Obama would seek to explore what type of “political and diplomatic support they may express for our efforts to hold the Syrian regime accountable,” the official added.
Syria’s allies remained unmoved by Obama’s push, with Iran’s supreme leader Ayatollah Ali Khamenei calling allegations of an August 21 chemical weapons attack by the regime a “pretext” to launch strikes against the country, and pledging to support Damascus “until the end.”
On the eve of the summit, Putin bluntly warned the West that any military action without UN Security Council approval would be an “aggression” and once again demanded watertight proof of chemical weapons use.
According to U.S. intelligence, more than 1,400 people living in rebel-held suburbs of Damascus were killed in the strike, which involved the use of sarin nerve gas.
Beyond convincing Russia, Obama has a tough sell ahead elsewhere, with China — another veto-wielding Security Council member state — having already expressed its “grave concerns” over unilateral military strikes.

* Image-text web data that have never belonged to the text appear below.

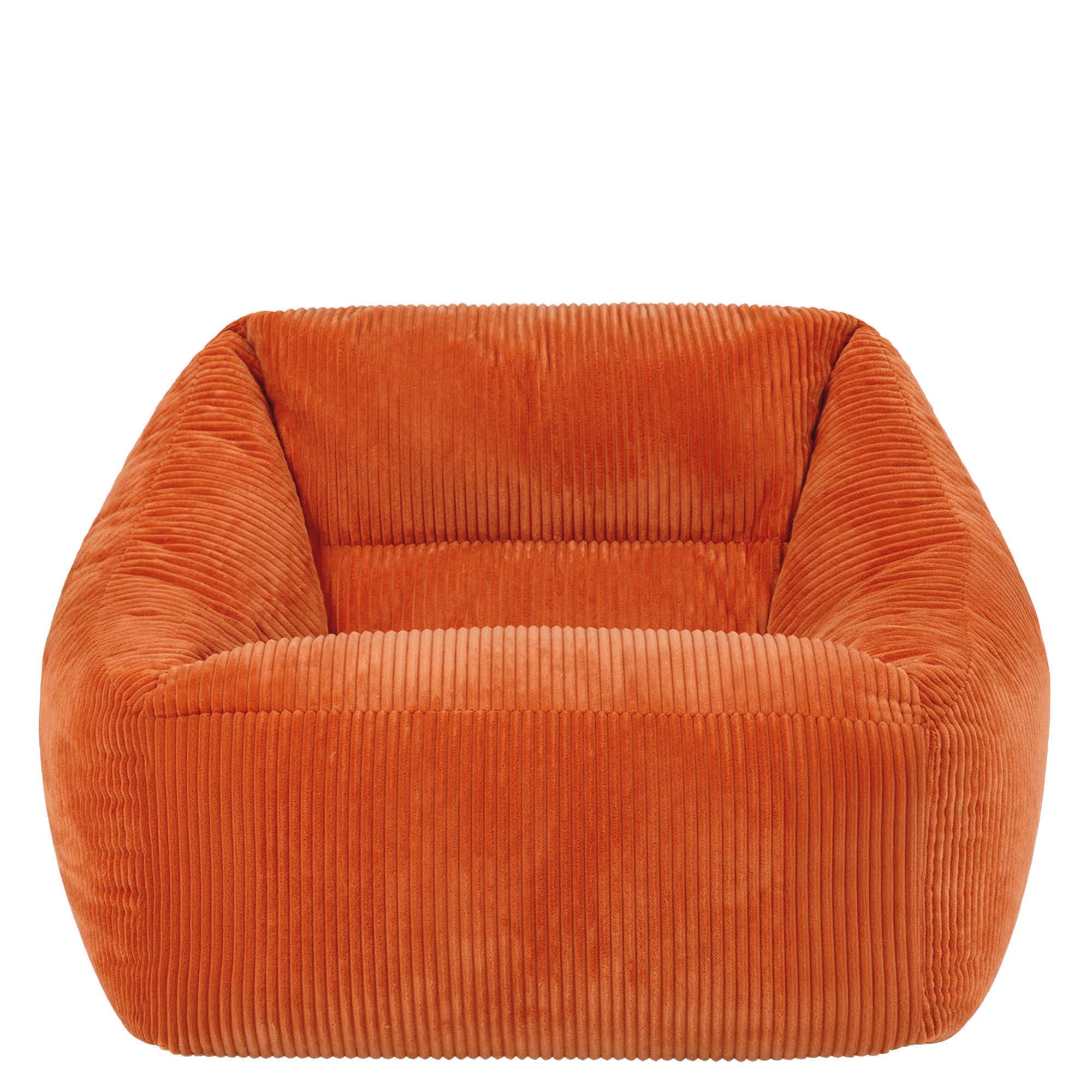 Icon Natalia Sitzsack Sessel für Erwachsene, Orange, Flauschiger Cord Stoff, Riesen Sitzsack Cord mit Füllung, Bean Bag Chair, Bequemer Sessel Wohnzimmer, Lounge, Schlafzimmer, Büro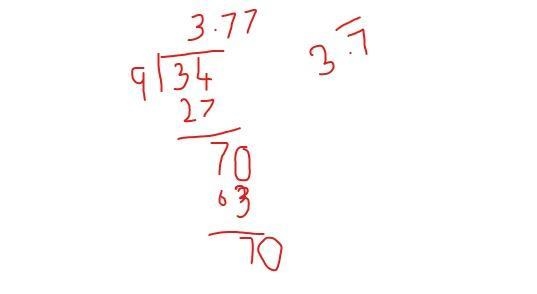 Write 34/9 as a decimal. If necessary, use a bar to indicate which digit or group-example-1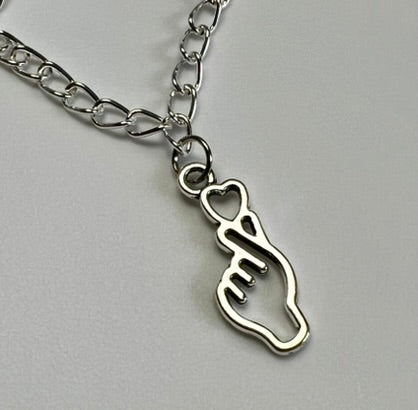 Silver Chain Necklace with Heart Hand Pendant for 17cm Doll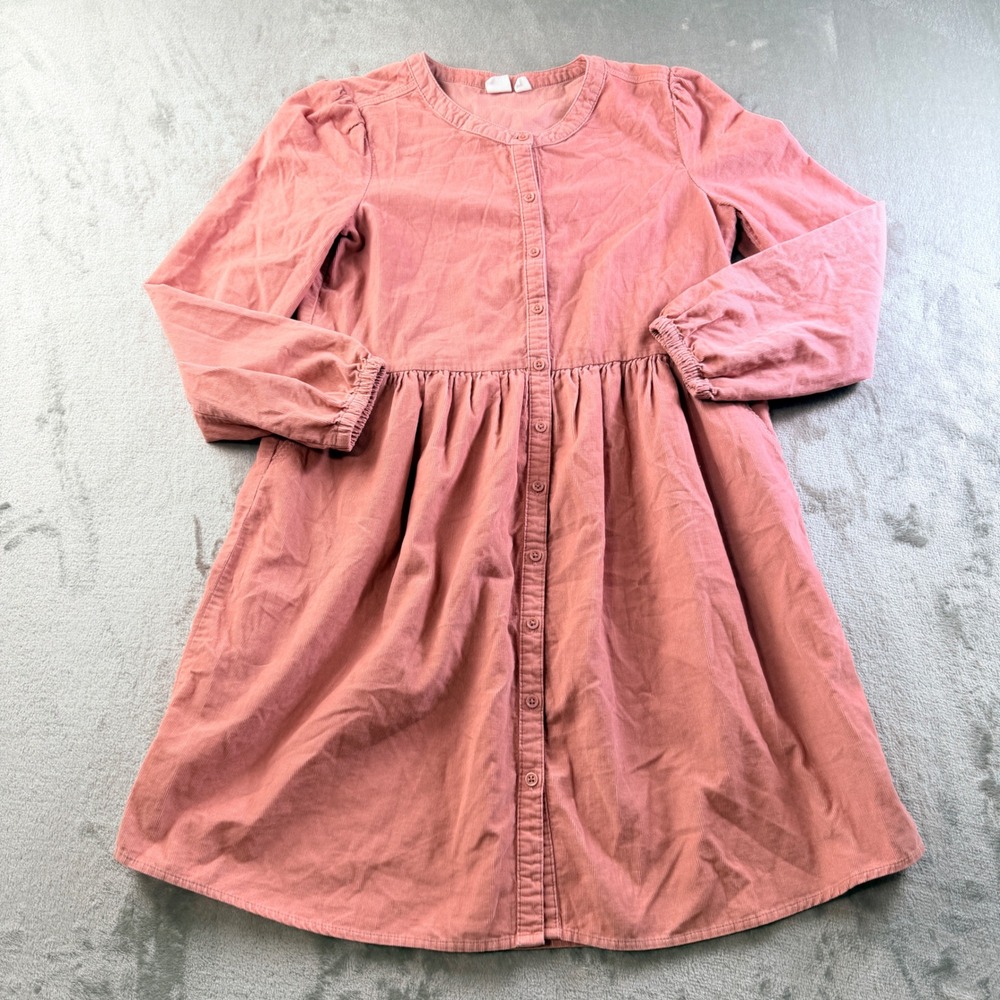Gap Kids Pink Corduroy Button Front Long Sleeve Dress XXL 14-16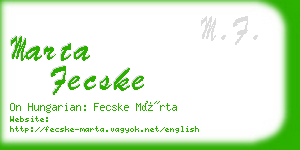 marta fecske business card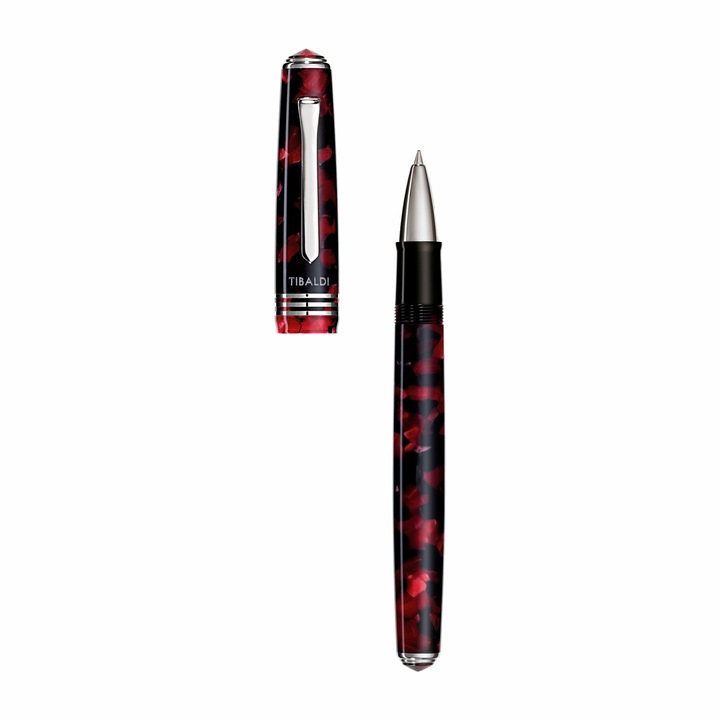 Химикалка Tibaldi, Червена смола с черна мозайка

A political solution is the only way to end the Syria crisis, a senior Chinese official said on Thursday, warning world powers to be “highly prudent” over the issue.
“War cannot solve the problem in Syria,” Chinese delegation spokesman Qin Gang told reporters at the G20.
Pope Francis added his voice to the calls for a peaceful solution to the Syria crisis, warning against “futile pursuit of a military solution.”
German Chancellor Angela Merkel has repeatedly ruled out her country’s participation in any U.S.-led military strike against Assad’s regime, while the British parliament has also rejected the idea.
EU president Herman van Rompuy said while the Damascus chemical attack was “a crime against humanity” there is “no military solution to the Syrian conflict.”
UN-Arab League envoy Brahimi is on his way to Saint Petersburg to help Secretary General Ban Ki-moon push at the G20 summit for an international peace conference on Syria first proposed by the United States and Russia in May, the UN spokesperson said.
“While the world is focused on concerns about the possible use of chemical weapons in Syria we must push even harder for the International Conference on Syria to take place in Geneva,” the spokesperson quoted Ban as saying.
The U.S.-Russia push for peace talks has languished as ties between the two world powers sank to a new post-Cold War low over deep divisions on Syria, Russia’s granting of asylum to American intelligence leaker Edward Snowden and a string of hardline Russian laws.
While no formal bilateral sit-down meeting is planned between Obama and Putin, a White House official suggested there would likely be some kind of more informal conversation.
International aid agency Oxfam called on the G20 to overcome their differences on Syria saying: “The timing of this G20 is critical. Leaders in St Petersburg must not let ordinary Syrians down.”
Western military action against Syria had looked imminent last week, but Obama deferred the move and is seeking congressional backing in a vote scheduled for next Monday.
The Senate Foreign Relations Committee on Wednesday gave its backing by a 10-7 vote for the use of force. Senate leaders said the full chamber will vote next week on the motion, when Obama is expected to carry the day.
The amended resolution authorises military intervention with a 90-day deadline and bars American boots on the ground for combat purposes.
The House of Representatives will also begin its deliberations next week.
Since British lawmakers voted down a bid for strikes against the regime, Washington has found a firm partner in France.
Now in its third year, the popular uprising against the Assad regime has cost more than 100,000 lives.